Записки охотника Восточной Сибири (Черкасов) - страница 384

Посидеть же только вечером или утром бегают одни служащие люди, которым не всегда возможно прокоротать половину суток в лесу. Но подобная беготня удобна только там, где тока близки к жилому месту. Да и что за охота идти с тока поздно вечером или на ток чуть не с полночи и пробираться по тайге, по слепой чаще, с опасностью раскроить себе лоб или вытащить глаз каким-нибудь прутом или суком. Не говорю уже о той досаде для охотника, когда, например, слетится много глухарей с вечера, а ему не удастся убить, да еще после этого доведется тащиться тайгой домой!.. О, это хуже тяжкого наказания!.. А такому-то наказанию чаще всего и подвергаются люди служащие. Я это говорю потому, что сам частенько испытывал на себе это наказание, почему и не могу вспомнить о нем хладнокровно.

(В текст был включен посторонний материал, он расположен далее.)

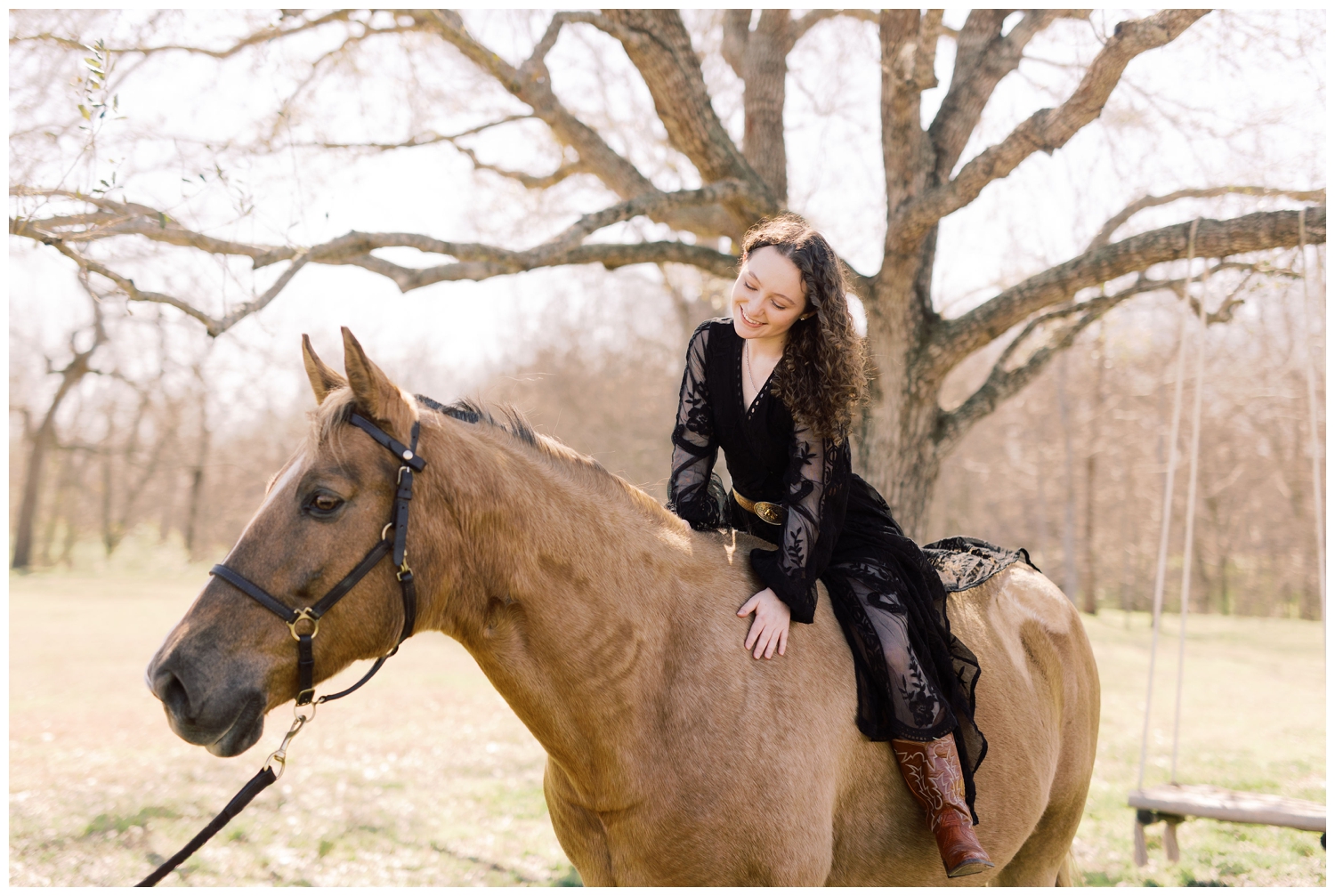 high school senior girl on a horse at Havenly Farms for Cypress Senior Session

Поэтому для описания более удачной охоты я расскажу, как промышляют глухарей на токах более счастливые охотники, пользуясь вечером и утром, а ночуя у огонька на току вместе с глухарями и часто грезя во сне об удачных выстрелах, проклятых пуделях — словом, о тех воспоминаниях, которые и во сне не дают покоя усталому охотнику и лелеют его восторженную душу…

Я знал одного священника, страстного горячего охотника, который частенько забывал о великопостной службе и, пренебрегая суетной молвой мирян, переодевшись в простой наряд, не раз задувал со мной чуть не вприпрыжку с ружьем в руках и с торбочкой на плечах на глухариный ток, чтоб схватить там вечерок, а если разгуляется душа — так и утро. Бывало, я же и начну потом приставать к батьке: «А что, мол, святой отец, какова сегодня была «утреня»? Ты все что-то молчал, а, напротив, краснобровые твои прилетане все что-то тормошились, как будто сердились, однако они тебя ругали…»

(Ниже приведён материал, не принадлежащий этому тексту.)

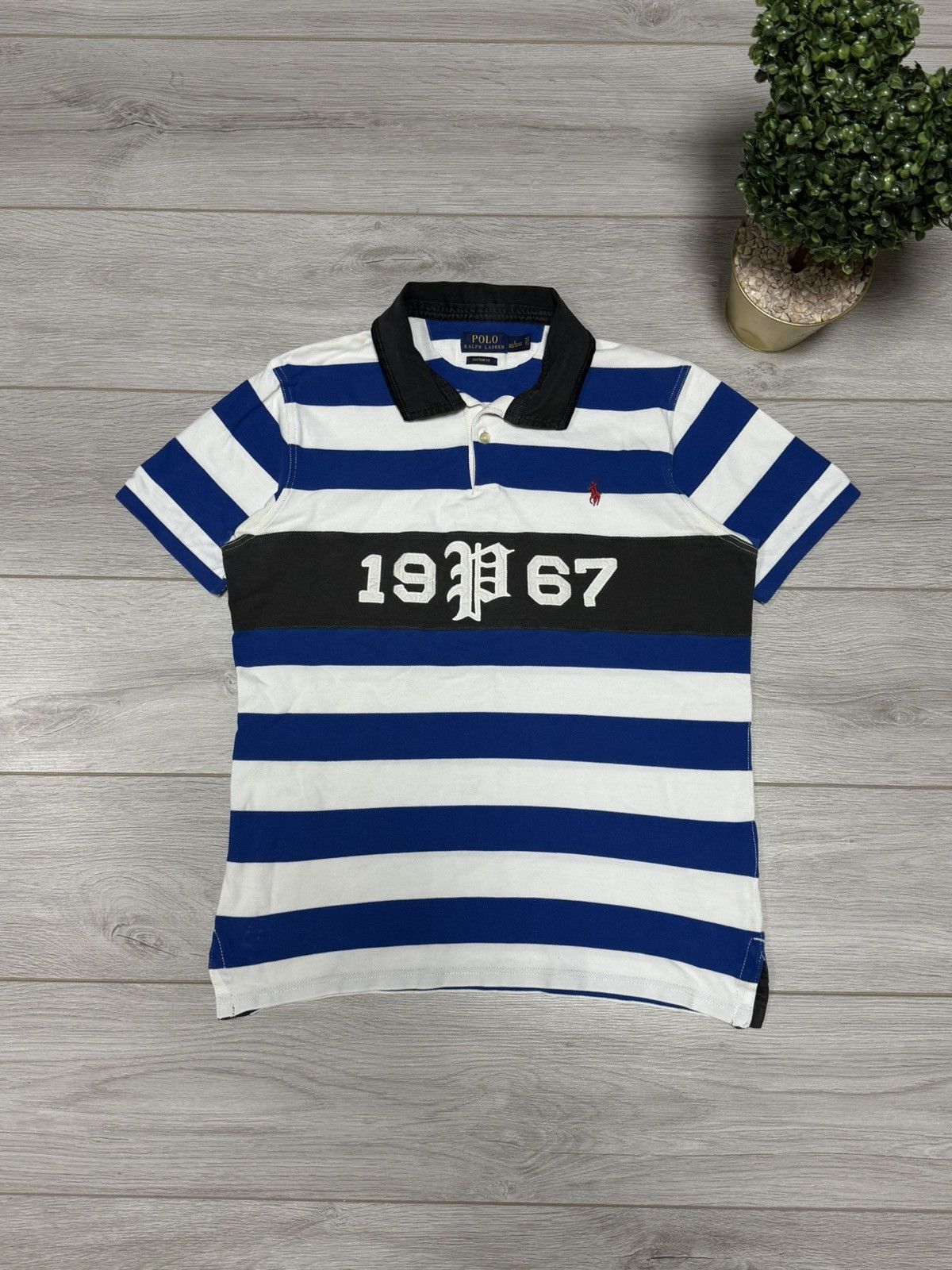 Polo Ralph Lauren Polo Ralph Lauren striped 1967 P rugby tee shirt Size US L / EU 52-54 / 3 - 4 Thumbnail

Бывало осердится батя и скажет: «Молчи, блудный сын; это ты, окаянный, виноват всему, а то я бы ни за что не пошел…» Когда же я прочитал батьке этот эпизод, он расхохотался и сказал: «Ну, ты уж что-то разоврался, там этому не поверят. Ты, брат, лучше это выкинь…»

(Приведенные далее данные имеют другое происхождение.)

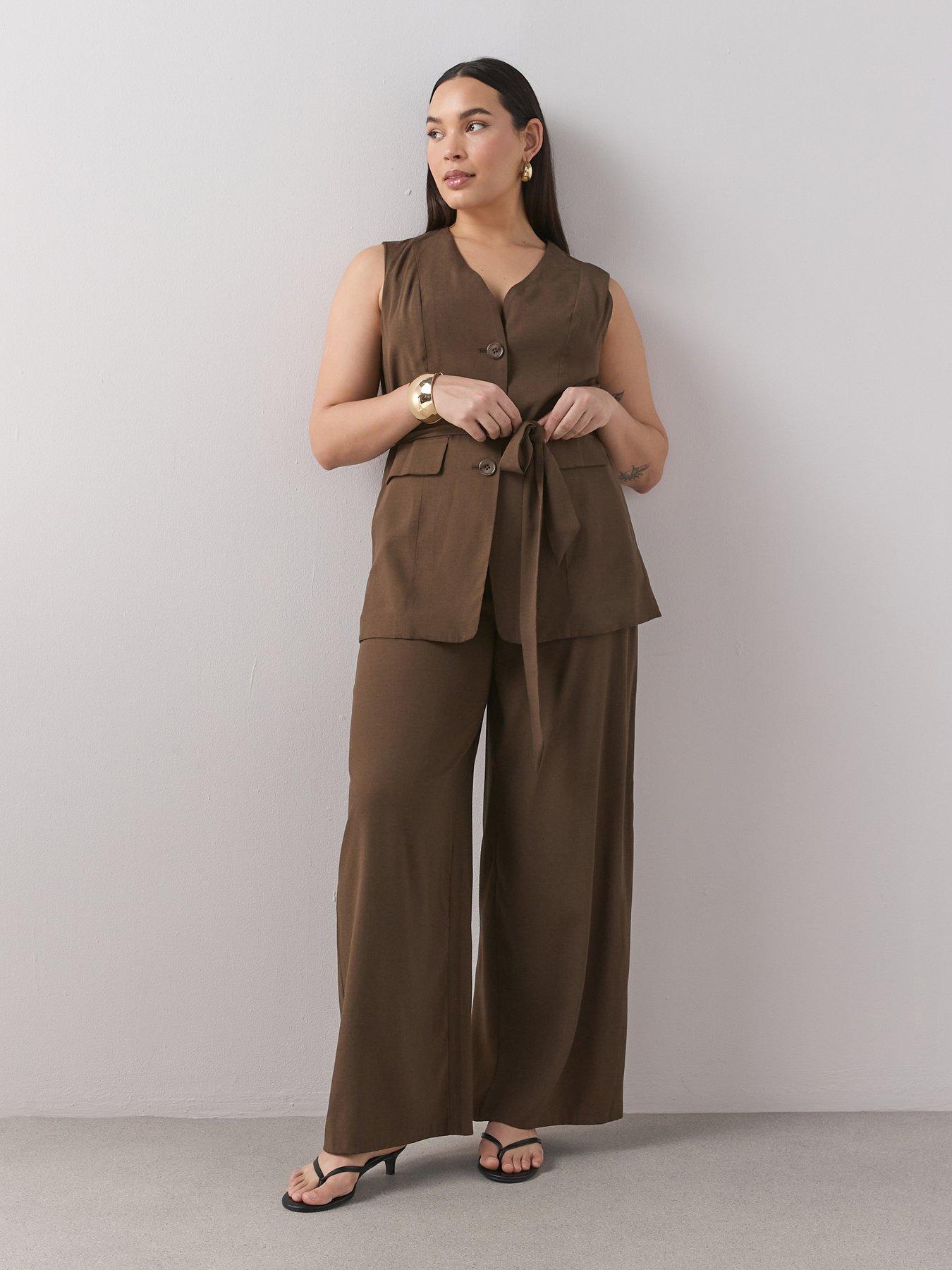 The Very Collection Curve Tailored Wide Leg Linen Co-ord Trouser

Сибирский промышленник забирается на ток обыкновенно с вечера, выбирает лучшее место и садится с винтовкою куда-нибудь под куст, к большому дереву или прячется за валежину и дожидает прилета глухарей. Где глухари не напуганы, там они прилетают рано, до солнозаката, поэтому нужно приходить раньше. Я сказал — лучшее место, то есть такое, на котором преимущественно токуют глухари; найти его нетрудно — оно всегда чище, чем другие пункты тока, и на нем видны глухариный помет, перья и даже следы, если лежит снег или по току прошел пал (т. е. огонь). С нетерпением дожидает охотник гостей, поглядывает во все стороны — не сидит ли где-нибудь глухарь? Прислушивается ко всякому шуму, ко всякому лесному щелчку, что часто бывает в лесу, в тайге весною, когда начнут отходить мерзлые деревья, — не щелкает ли где-нибудь глухарь? Но все тихо; от усиленного напряжения у охотника начинает рябить в глазах, появляется шум в ушах — он невольно протирает глаза, копает уши… Бывало, сидишь и до того прислушаешься и приглядишься, что журчащая вода в ручейке кажется отдаленным токованьем глухаря, какой-нибудь нарост на ветке — сидящим глухарем… Но вот вдруг послышался шум от тяжелого полета, мелькнула тень по полу, захлопали крылья; заколыхались ветки — это пролетел глухарь над лесом, спустился как будто книзу, потом взмыл кверху и с размаху, качаясь, уселся на ветку какого-нибудь дерева. А вот снова шум — это прилетел другой, там еще и еще. Послышалось во всех сторонах токованье глухарей.